Q: What advice do you have for aspiring writers?
A: Run away. No, just kidding. The standard advice, while boring and clichéd, is true.
Read a lot. Not just in the genre you want to write in, but everything. You can’t learn to write well reading just one thing, not even the one thing you want to write, because good writing draws from everywhere. But read. (I have encountered of late young writers who declare quite openly that they don’t read, and some of them get resentful when you tell them they have to, that this is the basic school work of becoming a writer. In my opinion, they don’t want to be writers, they want to be authors, to “have written”, but without having to do the hard work or learn their craft or even care much about what they’re doing. A few such might get lucky and publish something, but they are likely never to have careers and possibly will go to their graves wondering why the world has ignored them.) So, read!
Then you have to write. Every. Damn. Day. It’s a muscle, it’s like weightlifting or running, you have to train yourself to do it by doing it. Yes, you can take a course, yes, there are workshops, yes, writers groups, but before all of that develop the discipline to sit down and write every day. Something. Without that, all the rest is a waste of your time.
The key to having a career, assuming you have any talent and you develop the discipline I mentioned above, is persistence. The people who fail are the ones who gave up. Rejections are no excuse. Someone rejects your story, send it to someone else. Write another story. Send it out again and again.
It helps to find someone who knows something about the craft who will give you honest feedback. Not your friends who love you and want to be kind, but someone who will look at your work and tell you it’s crap and then offer a suggestion as to why it’s crap. We all write crap when we begin, it’s part of the process. You make a zillion mistakes before you get that first worthwhile story. Some people make a dozen mistakes and sell, others struggle for years before they get it down. If you have an honest reader it is priceless.

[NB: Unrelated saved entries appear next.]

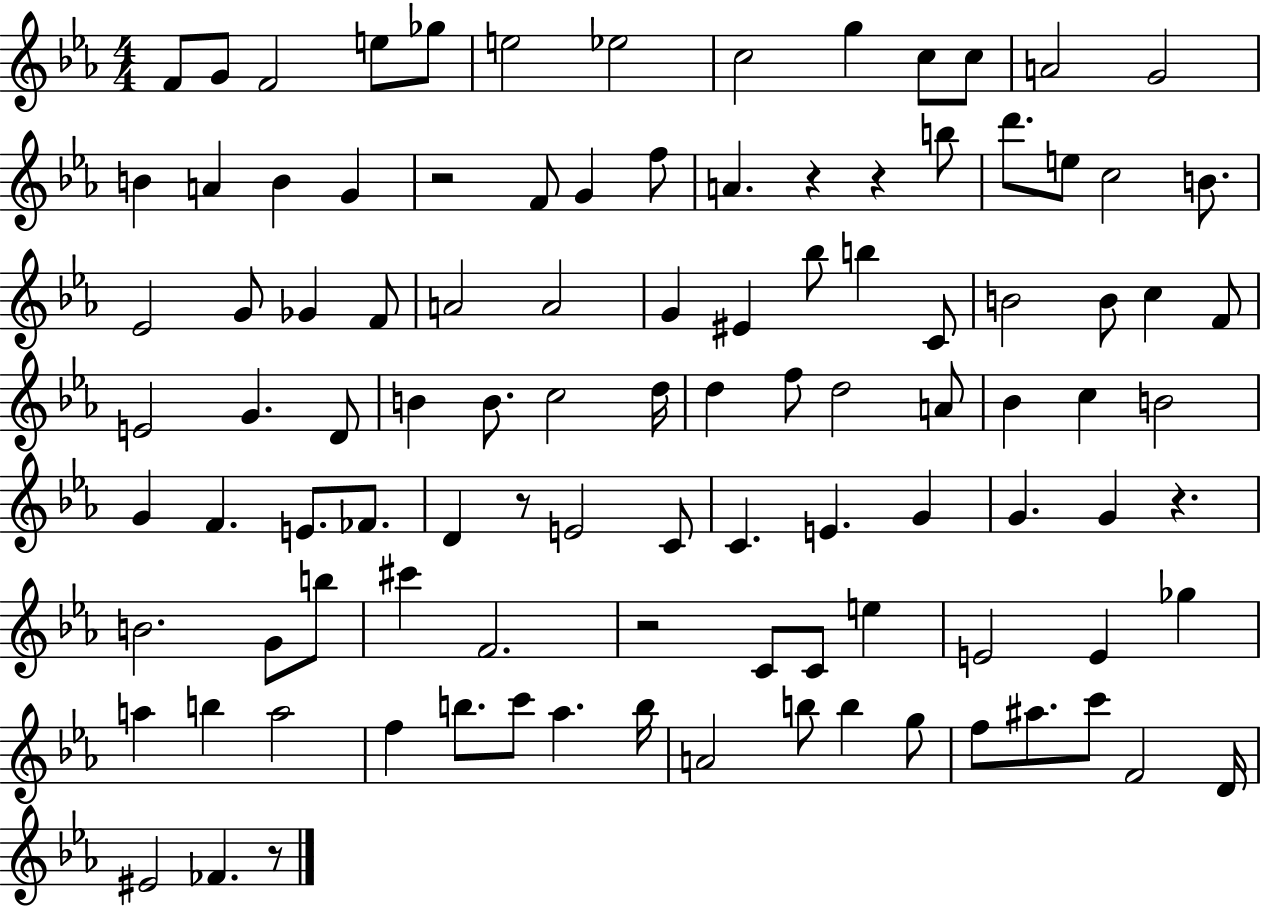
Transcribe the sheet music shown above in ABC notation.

X:1
T:Untitled
M:4/4
L:1/4
K:Eb
F/2 G/2 F2 e/2 _g/2 e2 _e2 c2 g c/2 c/2 A2 G2 B A B G z2 F/2 G f/2 A z z b/2 d'/2 e/2 c2 B/2 _E2 G/2 _G F/2 A2 A2 G ^E _b/2 b C/2 B2 B/2 c F/2 E2 G D/2 B B/2 c2 d/4 d f/2 d2 A/2 _B c B2 G F E/2 _F/2 D z/2 E2 C/2 C E G G G z B2 G/2 b/2 ^c' F2 z2 C/2 C/2 e E2 E _g a b a2 f b/2 c'/2 _a b/4 A2 b/2 b g/2 f/2 ^a/2 c'/2 F2 D/4 ^E2 _F z/2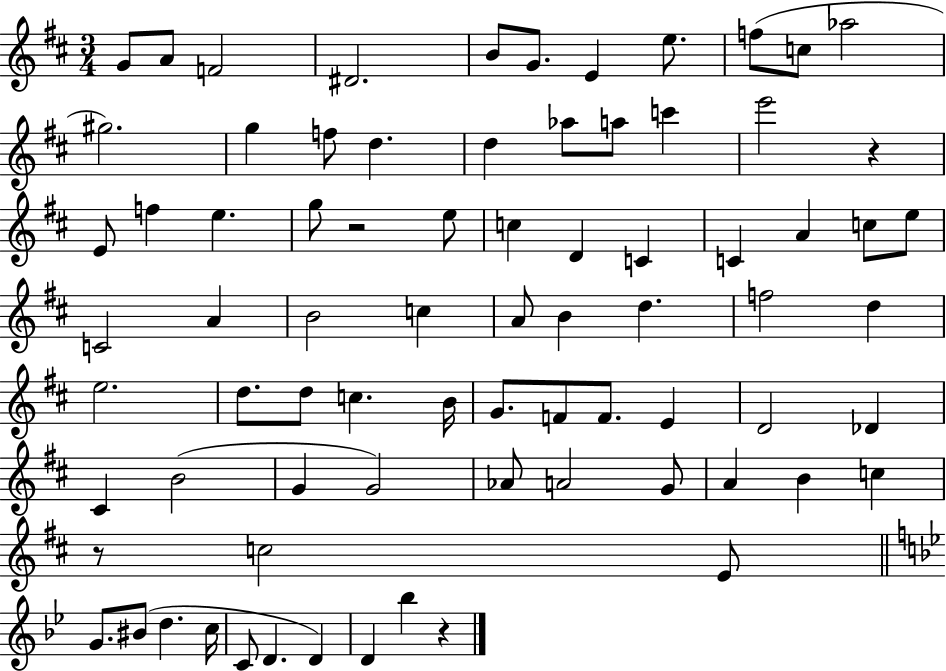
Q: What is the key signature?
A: D major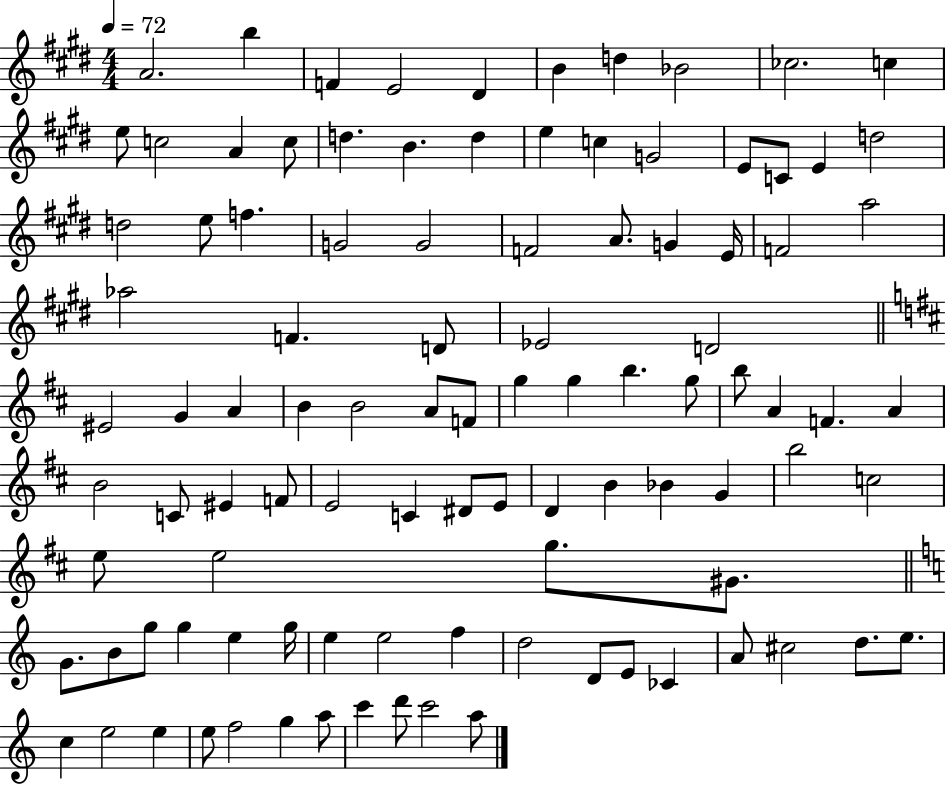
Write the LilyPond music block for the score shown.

{
  \clef treble
  \numericTimeSignature
  \time 4/4
  \key e \major
  \tempo 4 = 72
  a'2. b''4 | f'4 e'2 dis'4 | b'4 d''4 bes'2 | ces''2. c''4 | \break e''8 c''2 a'4 c''8 | d''4. b'4. d''4 | e''4 c''4 g'2 | e'8 c'8 e'4 d''2 | \break d''2 e''8 f''4. | g'2 g'2 | f'2 a'8. g'4 e'16 | f'2 a''2 | \break aes''2 f'4. d'8 | ees'2 d'2 | \bar "||" \break \key b \minor eis'2 g'4 a'4 | b'4 b'2 a'8 f'8 | g''4 g''4 b''4. g''8 | b''8 a'4 f'4. a'4 | \break b'2 c'8 eis'4 f'8 | e'2 c'4 dis'8 e'8 | d'4 b'4 bes'4 g'4 | b''2 c''2 | \break e''8 e''2 g''8. gis'8. | \bar "||" \break \key c \major g'8. b'8 g''8 g''4 e''4 g''16 | e''4 e''2 f''4 | d''2 d'8 e'8 ces'4 | a'8 cis''2 d''8. e''8. | \break c''4 e''2 e''4 | e''8 f''2 g''4 a''8 | c'''4 d'''8 c'''2 a''8 | \bar "|."
}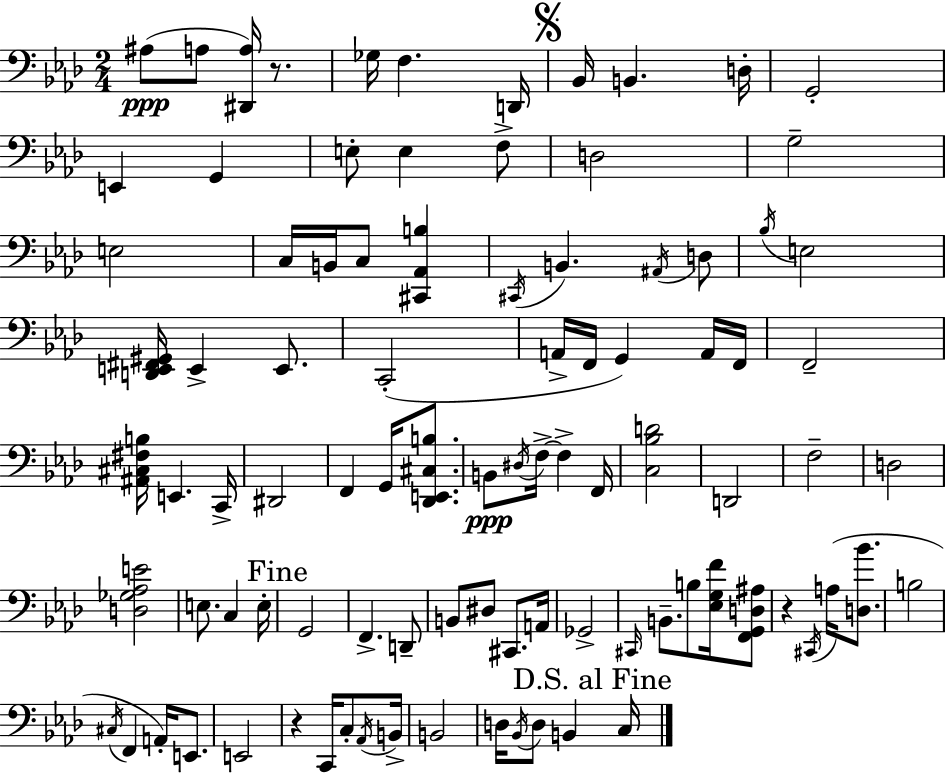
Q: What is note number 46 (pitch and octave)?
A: D2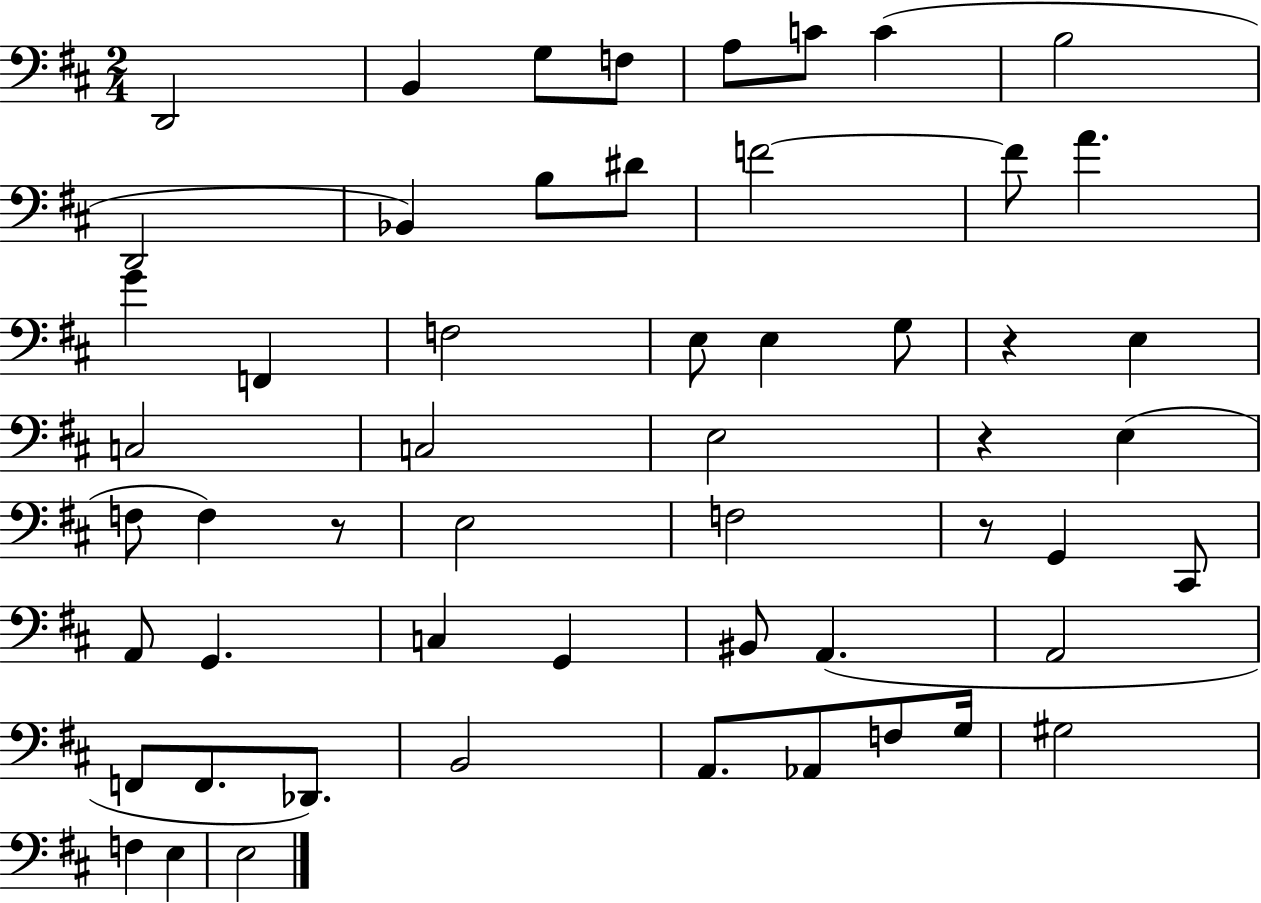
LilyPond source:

{
  \clef bass
  \numericTimeSignature
  \time 2/4
  \key d \major
  d,2 | b,4 g8 f8 | a8 c'8 c'4( | b2 | \break d,2 | bes,4) b8 dis'8 | f'2~~ | f'8 a'4. | \break g'4 f,4 | f2 | e8 e4 g8 | r4 e4 | \break c2 | c2 | e2 | r4 e4( | \break f8 f4) r8 | e2 | f2 | r8 g,4 cis,8 | \break a,8 g,4. | c4 g,4 | bis,8 a,4.( | a,2 | \break f,8 f,8. des,8.) | b,2 | a,8. aes,8 f8 g16 | gis2 | \break f4 e4 | e2 | \bar "|."
}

Avoid writing groups that do not require you to submit your stories to markets. They are not likely serious groups but mutual admiration societies. A serious group insists not only that your finish what you write, but send it out when it’s ready. It is very easy to lose yourself in a group that pats you on the back and commiserates rather than demands you move to the next level.
Most importantly, if you are serious about writing as a career—-and primarily I mean fiction, art—you must understand that you and your writing are functionally equivalent to a relationship. With a person. So when your significant other enters the scene, there aren’t two people, but three, and if you don’t realize that and deal with it that way, you’re headed for hurt feelings and misery. The reason serious artists seem to go through mates so fast is, I think, for this reason. Your art is your first spouse and the flesh-and-blood one has to know this and understand, otherwise jealousy and resentment result. Understand this yourself and you may find that you aren’t as confused by the reactions of other people when you get surly over not having enough time to write. If you have a companion that understands that and is okay with it, cherish that person.
Those are the only pieces of advice that are universal. Otherwise, everyone is unique in what they write and how they feel about it. Seek out the tools that work for you.